In this talk, I will first describe Column-Combining, an innovative pruning strategy that packs sparse filter matrices into a denser format for efficient deployment in a novel systolic architecture with nearly perfect utilization rate. Following that, I will then describe a bit-level quantization method named Term Quantization (TQ). Unlike the conventional quantization methods that operate on individual values, Term Quantization is a group- based method that keeps a fixed number of largest terms (nonzero bits in the binary representations) within a group of values, and this in turn leads to a significantly smaller amount of quantization error compared to other quantization approaches under the same bitwidth. Next, I will introduce the work I have done to facilitate the DNN training process. In particular, I will describe the Fast First, Accurate Second Training (FAST) system that adaptively adjusts the precision of the DNN operands for efficient DNN training. Last but not least, I will conclude with some of my recent research efforts and future research plans on further extending the frontiers of the DNN training hardware efficiency by leveraging the underlying reversibility of the DNN architecture.

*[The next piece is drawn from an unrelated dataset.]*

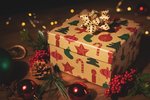 Češi se letos do nakupování vánočních dárků tolik nehrnou. Podle ekonoma za tím stojí i propad reálných mezd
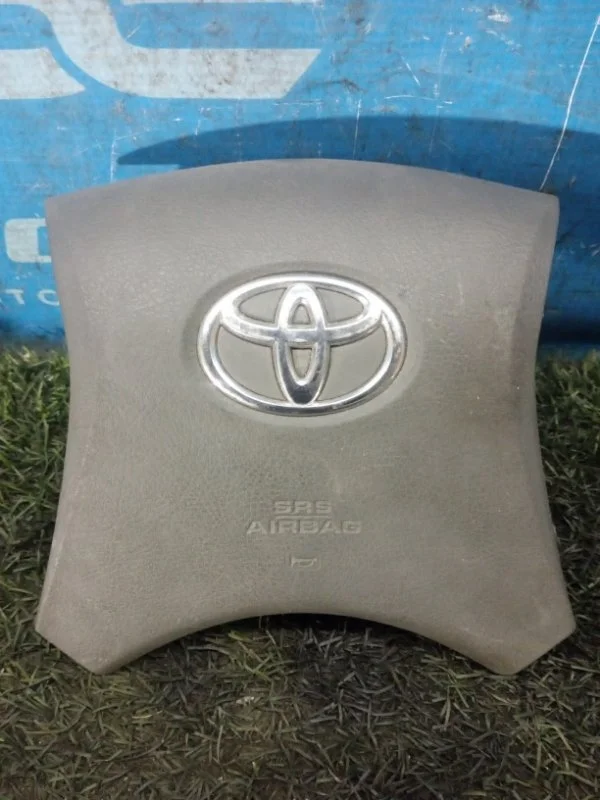 Подушка безопасности в рулевое колесо Toyota Camry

Sai Qian Zhang is a research scientist at Meta Reality Labs. He also holds an appointment as research associate at Harvard University hosted by Prof. David Brooks and Prof. Gu-Yeon Wei. Sai received his Ph.D. degree from Harvard University under the supervision of Prof. H.T. Kung in 2021, and obtained both of his M.A.Sc and B.A.Sc degrees from University of Toronto.

Sai’s research interest lies in algorithm and hardware codesign for the efficient deep neural network implementation. He is also interested in multi-agent reinforcement learning and its applications on hardware system design. His works have been published in multiple top-tier conferences such as ASPLOS, NeurIPS, HPCA, and AAAI. He has won the best paper award at IEEE international conference on Communication.